Watering Your New Street Tree
It is ESSENTIAL that new trees are watered regularly and deeply.  The City and the Park Association provide these trees: your part of the bargain is to water them!  Street trees need to be watered for the first 2 - 3 years to survive until their roots become established and they are able to reach down into the water table.  Properly watered trees will grow much more quickly and vigorously than thirsty ones.  Proper, deep watering also encourages roots to grow downward rather than outward close to the surface, where they cause pavements to heave and trip up pedestrians.

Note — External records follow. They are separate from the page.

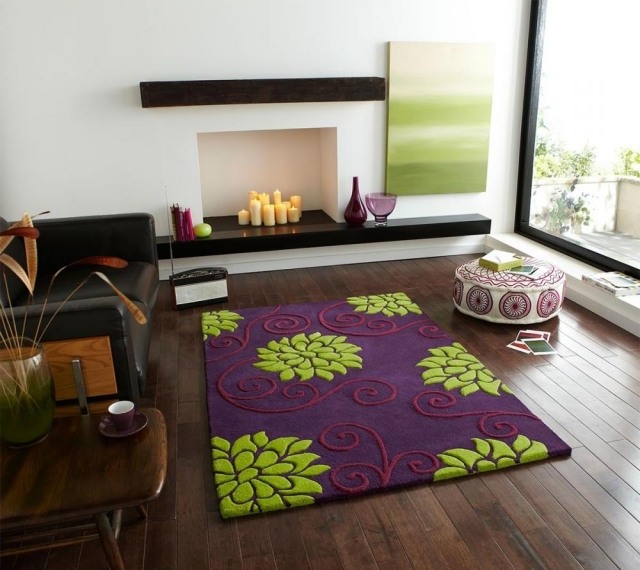 tapis-violet-motifs-floraux-vert-anis-tabouret-blanc-motifs-rouges-salon tapis violet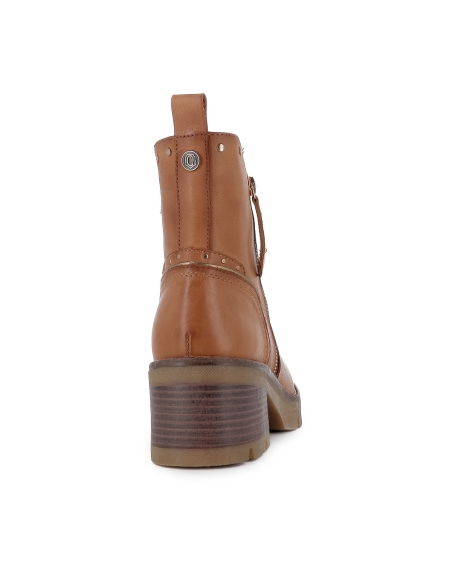 Bota piel lisa con tachas piso track y cremallera mujer camel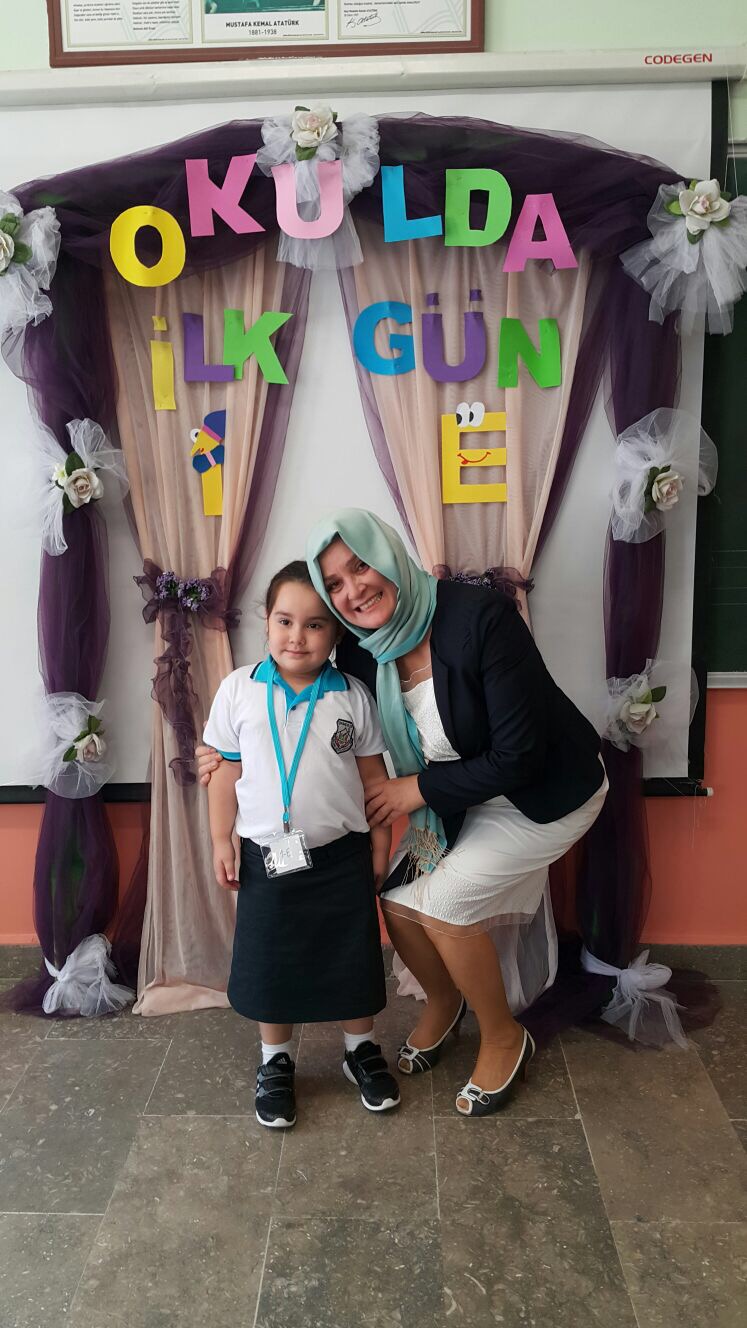 HEPİNİZİ ÇOK SEVİYORUM by hatice - Ourboox.com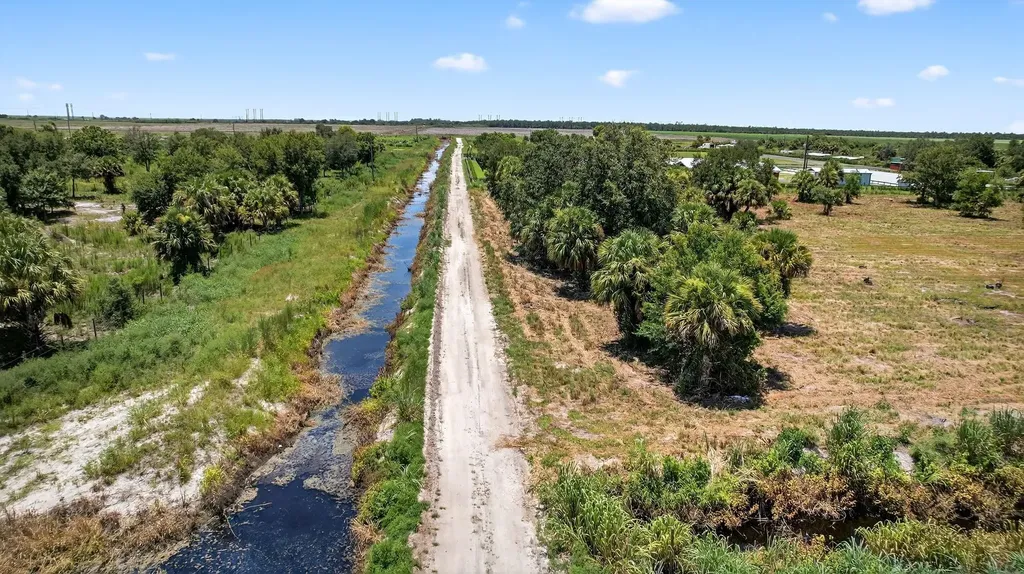 Xx Xx Bedu Court Loxahatchee FL 33470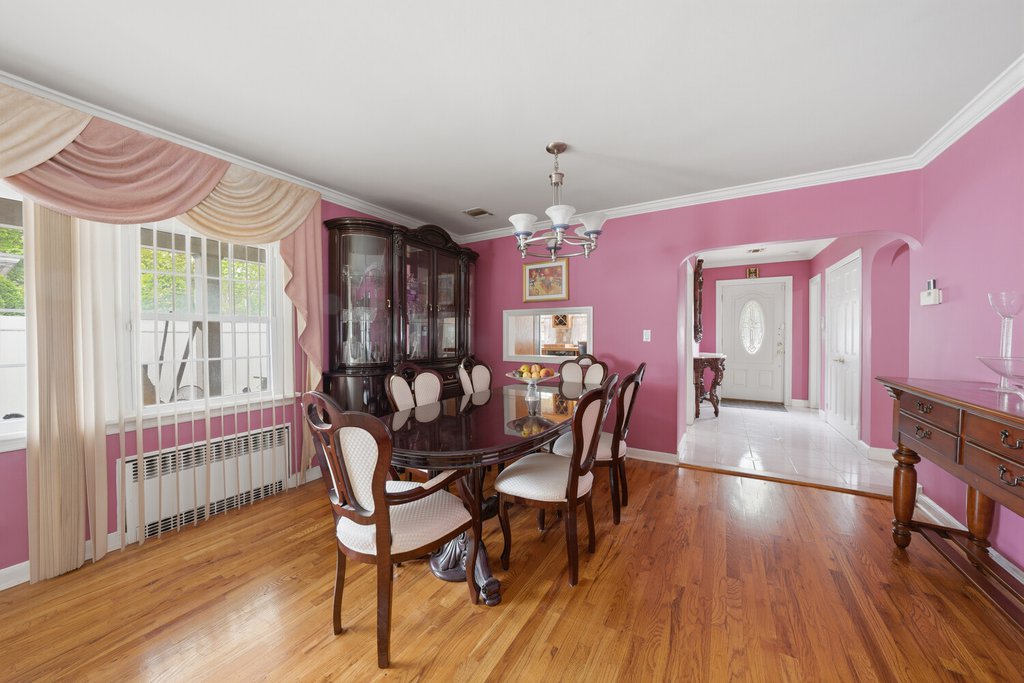1142 Bay 25th Street – For Sale photo 4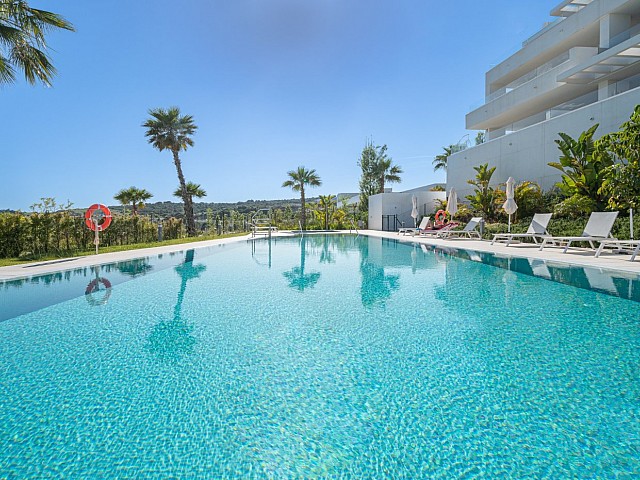 Magnifico apartamento en venta en Estepona Golf, Bahía Dorada. Estepona. Málaga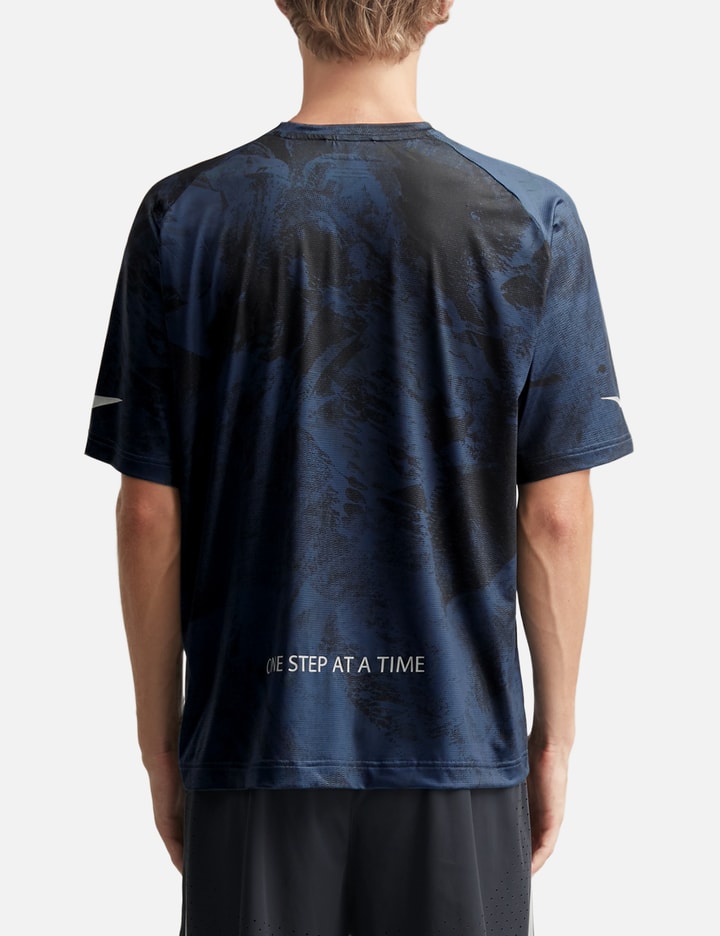 and wander Altra × AND WANDER Graphic Short Sleeve T-Shirt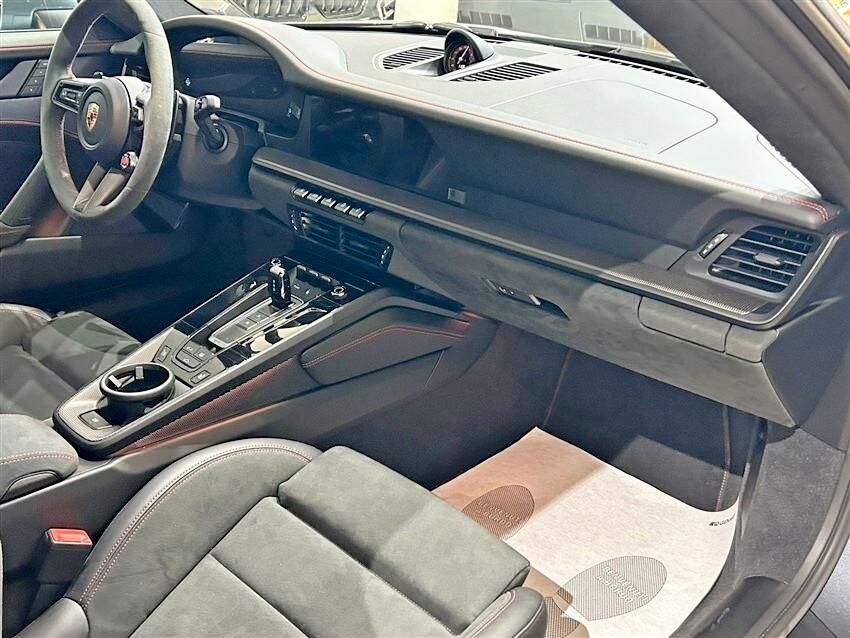 Porsche 911 Carrera GTS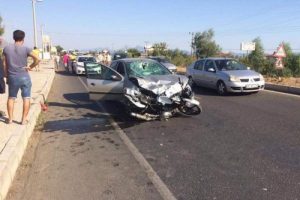 Otomobille motosiklet &ccedil;arpıştı: 1 yaralı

Here’s how to water your new trees.  Maintain the well around the base of the tree that was created when the tree was planted.  Once a week, fill this well with water and let it sink into the ground.  Repeat this procedure 3 – 4 times.  Or, put a hose into the well and let it run (at a rate that fills but doesn’t overflow the well) for 45 minutes to an hour.

 A small investment in watering your new street trees will preserve the investment you and your neighbors made (via dues paid to the Park Association) in providing you with trees.  Better still, your trees will thrive, looking better, growing more quickly, and enhancing your property.

Some reminders (from our top ten list of concerns voiced by Park residents!):
1) Planting in the sidewalk easement area requires a permit from the City.  While there is a lot of latitude for free choice of understory or low plants (as long as you don’t block the pedestrian right of way entirely), such is not the case for trees.  Only certain species (depending on the street and block) will be approved by the City.  If you plant a different tree without a permit, you may be required to remove it. 

2) If you feel you must surface (or resurface) the sidewalk in front of your house, please do so in a way that allows water to permeate through.  Use fine pebble-like material.  (Lyngso, and no doubt others, have some available that do not scatter, and are easy to ride bikes or push strollers over.  You can see this material on the walk in front of the Maybeck designed house – the one with the roof shaped like a thatched cottage – on the north side of Sycamore.)  Or, set bricks and other pavers in sand rather than concrete.  Avoid asphalt and concrete.

Why?  Because our tall, old and heritage size street trees need lots of water – if we pave around them and make rainwater run off into drains, they may not survive.